The students we farewell at the end of Year 13 are a well-rounded young man, a man with an educated heart and an educated mind. This is what we pride ourselves on. To get to this end point is a journey and involves life fully lived by our students, often this involves positive and negative experiences that both come together to mould our young men into the person they become. We know that life has the good times and the challenges, our role is to support our young men to navigate the challenges they are confronted with, not to eliminate the challenges. We know boys of different ages need different levels of support; we also know that in challenge lies the greatest opportunity of growth. It is in this growth where we best prepare our young men to thrive in the world post school.
I would like to wish you all a restful summer, a time spent with family, and a time rejuvenating. I look forward to reconnecting in the New Year.

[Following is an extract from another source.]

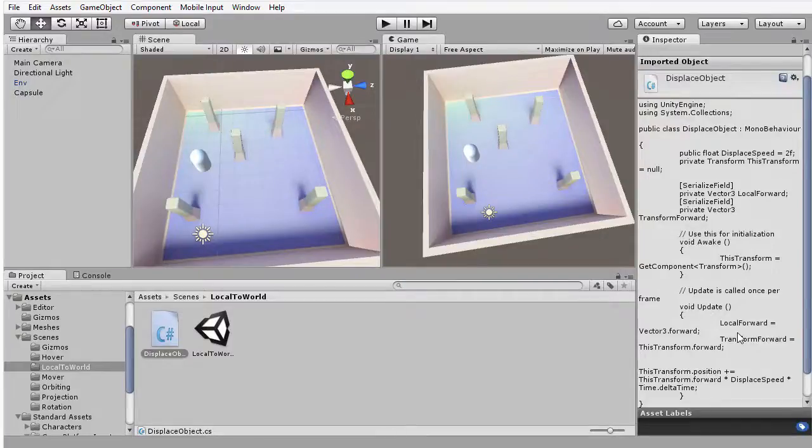In this movie, I want to consider the benefits of local space compared to world space. Sometimes it makes perfect sense to use world space. You will often want to define the position of an object within the world. In that case, you simply want to define its X, Y, and Z position as a measured offset from the world's origin.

I leave you with this wonderful Christmas reflection from Most Reverend Martin W. Currie;
“In the hustle and bustle that leads up to our celebration of Christmas, many of us find ourselves asking, “What’s it all about?” We sometimes wonder in the rush, the stress and the hurry, whether we have somehow missed the real meaning of it all. I have been pondering that question myself as I prepare for Christmas, and I hope that some of my reflections might help you to enter more fully into this celebration of the birth of Christ, the Prince of Peace. Christmas is, first and foremost, about Love, God’s Love. How much does God love us? God loves us so much that God gave us the most precious gift imaginable, Jesus, God’s own Son. That’s the heart of Christmas. This great and wonderful love calls us to love one another. We share love in and through our human relationships. Love isn’t always a warm and cozy feeling; love is a commitment and a decision to stick by others, come what may, through thick and thin, when the going is easy and when the going gets more challenging. The love that we share in our human relationships is a reflection of the love of God, calling us to give of ourselves for others.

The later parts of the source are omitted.